Hi @Jay_Chacko - There are two activities in this package. One does not require Document Understanding. The other does.

“PDF Redaction”: Redacts single contiguous words, no spaces, based on regex patterns
“DU Redaction Plugin”: Redacts extracted content from Document Understanding

I’m disappointed to hear of a success rate of only 70% with “PDF Redaction”. Let me see if I can help you. Can you share a screenshot of the section where redaction failed, and let me know what regex patterns were used to redact them.

I’ll like to take a look at this? Is the document you want to redact shareable to me?

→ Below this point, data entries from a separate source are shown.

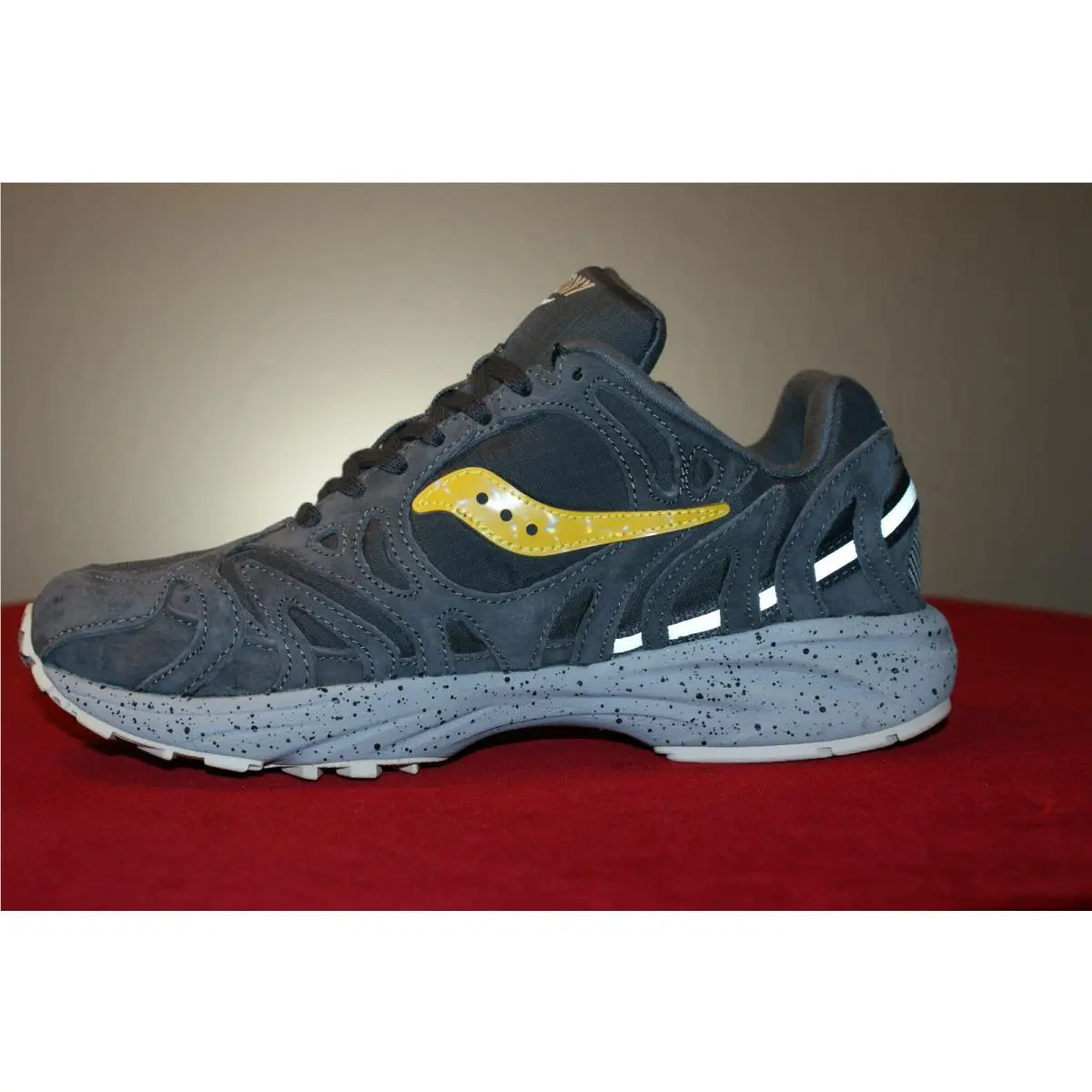Saucony shoes - Saucony GRID AZURA - GRID AZURA - S70545-1 - Black Crystal YE Noir (greyish) (UPC: 194917396797) 1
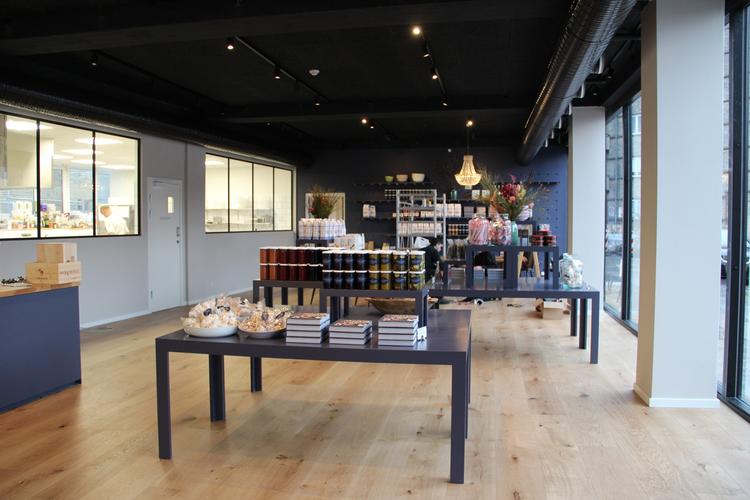Udover pop-up-restaurant, kaffebar og kokkeskole, er der også en madbutik i Hahnemanns Køkken, hvor man kan købe forskellige råvarer.  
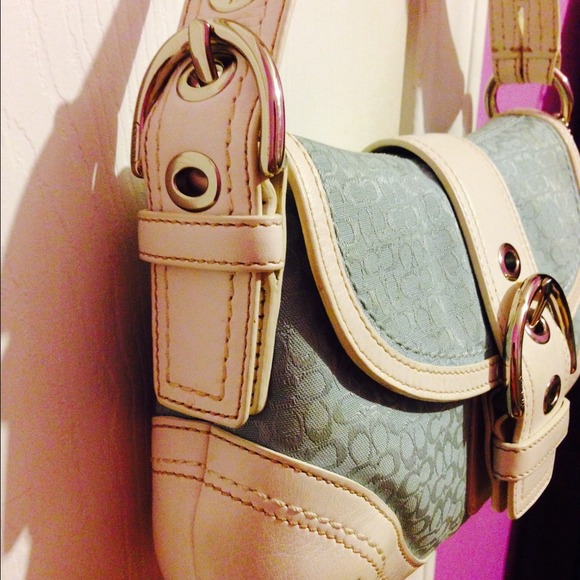 Sold 100% authentic coach small purse and pouch - Picture 2 of 4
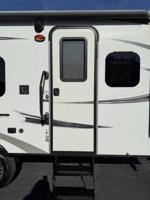 2017 FLAGSTAFF LITE 19 FD TRAVE TRAILER + Gator Truck Center of Ocala - Image 9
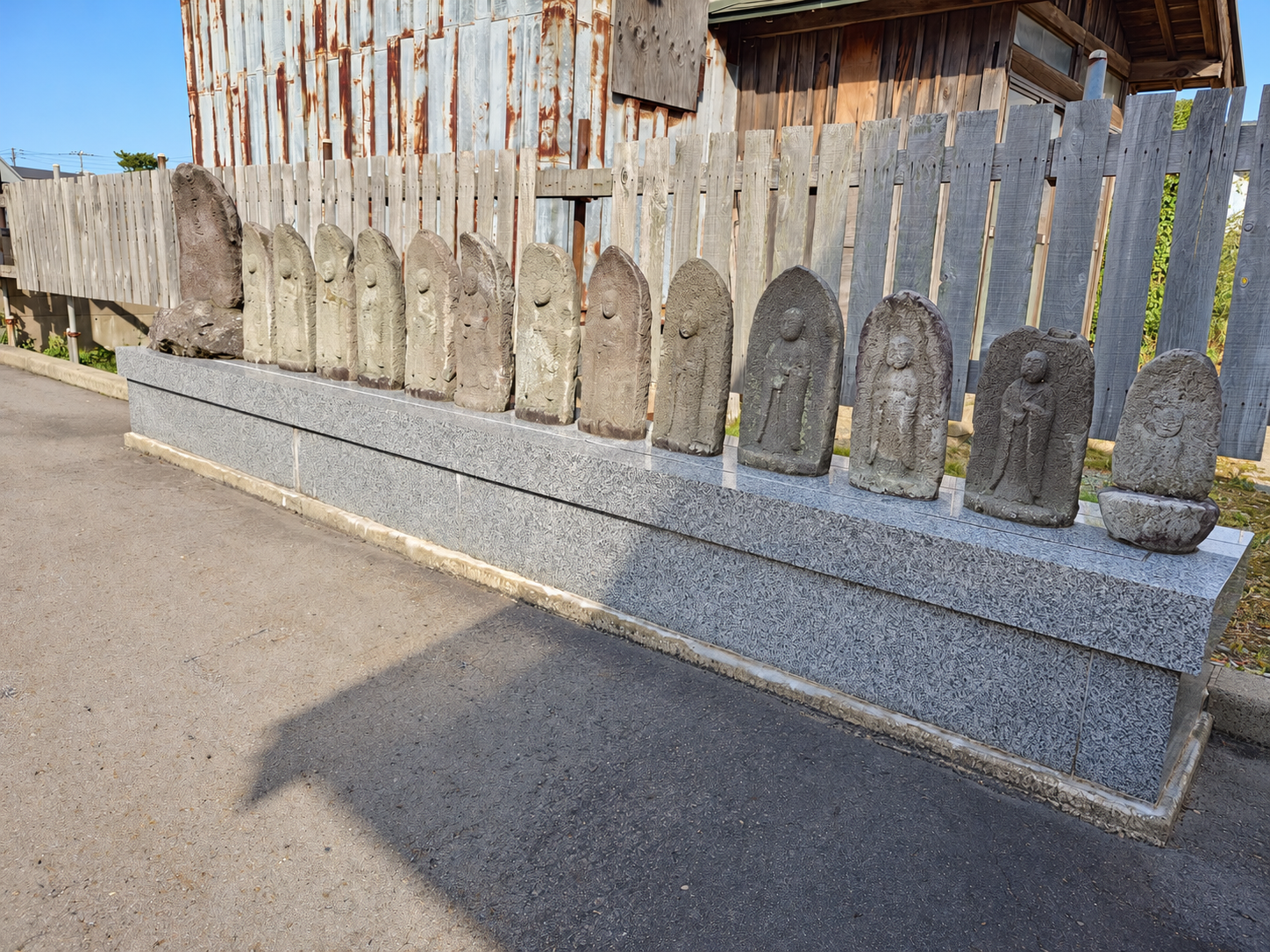 正法寺の地蔵堂横に並ぶ石像十三仏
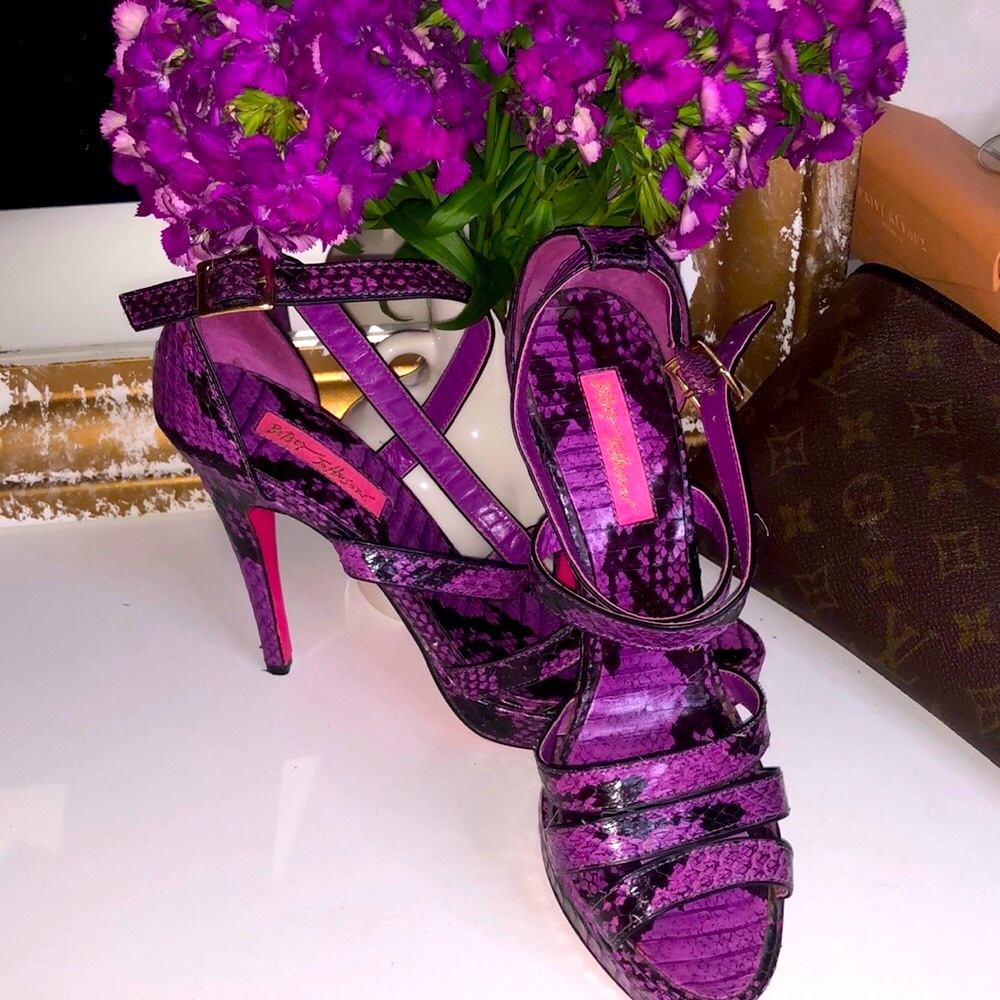Betsey Johnson Purple Snake Print Heels sz.7.5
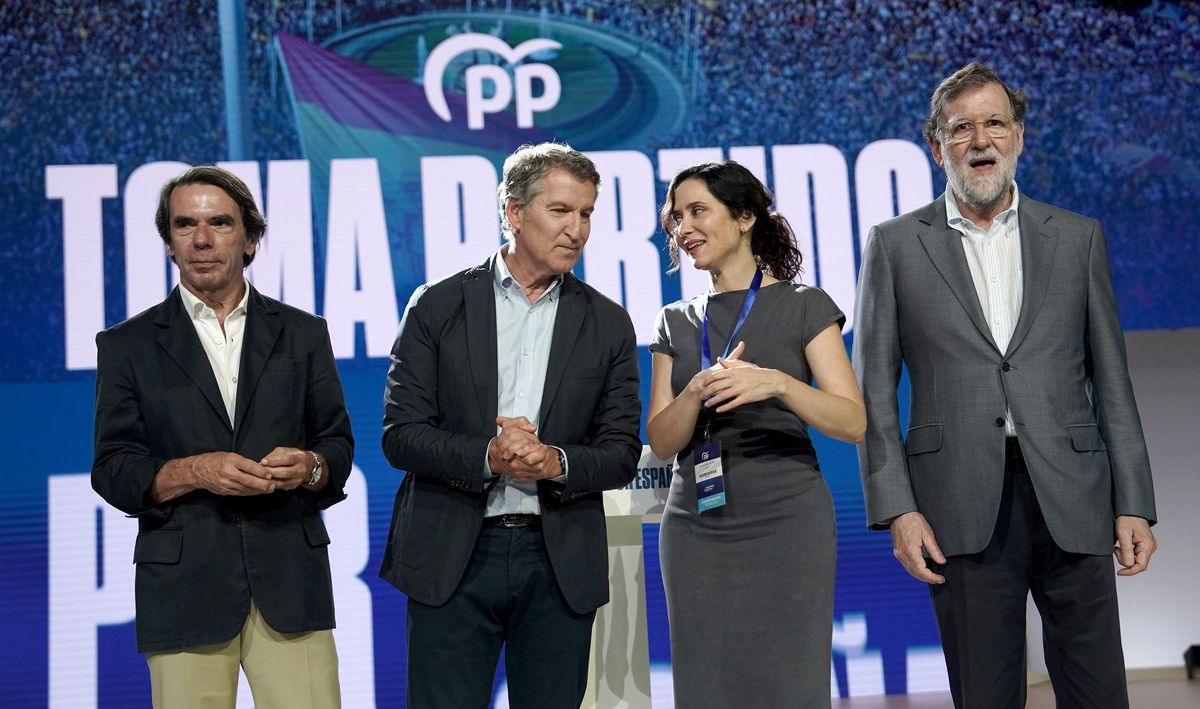 Aznar, Feijóo, Ayuso y Rajoy, en el cierre del Congreso Nacional del PP.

Is Google Cloud Vision API returning the OCR’d text?

I will share a fully working XAML project in this thread shortly. Would you mind sharing your XAML with me so I can take a look?

i am using the pdf redaction and sending an array of key words, i also placed the array where the default social and other regex goes too.
its a large list , but that list came originally from the same document using UiPath pdf reader , so completely readably , any reason why the redaction is using ocr only instead of a regular pdf read ? Maybe it should be an option ? Unfortunately its phi data and hard to share.

if we can control the dimension of the redaction , it would work in my case also, since mine is a table inside pdf , so i can just look for the first row item and extends the redaction dimension all the way to the last column, instead of looking for every string

I did use the Google Cloud Vision OCR in a Get OCR Text activity with no issues. However, it doesn’t seem to work in the Redaction activities.

@Jay_Chacko - for your use case, redacting the entire table can certainly be done through using DU Redaction Plugin. That would be far more efficient and reliable than using a bunch of keywords.

The standard PDF Redaction requires OCR. Document Understanding can work without OCR. So once again, the best bet would be to use the DU Redaction Plugin for your usecase

Hi @AI_DEV, thank you for letting me know. Allow me some time to investigate into this on my end.

1 Like

Hi Bernard,

Great tool for redaction, I just learned a lot from your samples and documentation. Great job, thanks for your contributions. Just asking if adding text or confidential on the redacted is already in the released. Thanks in advance.

Keep it up,
Al

Hi Bernard
Apologies for the delayed response

We had figured out why the DU plugin was causing these issues and had sent a detailed mail to the support team. I am not sure whether this mail reached you. If you could share your email with me, I will forward the same.

A high level overview of the issue -
In DU Taxonomy, there is a provision to add a Table as a type for a field. This fails in one of the Invoke Code activity of the project (EOM to DT), since the piece of code only takes care of the primitive data types. (A Table traversal method should be enough to solve this issue, because tables contain fields which are of primitive data types)

The way we surpassed this issue, was to use KeyWords instead of ExtractionResults properties, because then that particular Invoke Code activity is not used. Let me know if this helps anyone
image

Bernard,

Very cool Redaction Activity. Just got it running and need to tweak some things. How can I just limit the redaction to DOB and Driver License numbers?

Thanks in advance,
Mike

Hi @lawes , you have done a great job by creating this tool! But when I am upgrading all packages from old to latest one, it is showing error. Should I not upgrade any package and use it as it is?